### [WHAT TO PRODUCE]
Only one portion of the data is to be written out: from the line bearing "Sten Stellar - Party Has Just Begun" through the line bearing "fotka k článku". Write it exactly as it appears.

── INFORMATION PROVIDED

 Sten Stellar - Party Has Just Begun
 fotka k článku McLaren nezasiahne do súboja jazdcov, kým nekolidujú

────
── INFORMATION PROVIDED

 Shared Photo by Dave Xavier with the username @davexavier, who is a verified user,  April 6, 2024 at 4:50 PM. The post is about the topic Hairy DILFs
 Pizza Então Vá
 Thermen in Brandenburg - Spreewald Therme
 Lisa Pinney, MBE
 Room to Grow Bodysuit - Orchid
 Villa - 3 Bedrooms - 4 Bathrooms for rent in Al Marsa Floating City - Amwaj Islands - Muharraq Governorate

────

### [TASK SOLUTION]
 Sten Stellar - Party Has Just Begun
 fotka k článku McLaren nezasiahne do súboja jazdcov, kým nekolidujú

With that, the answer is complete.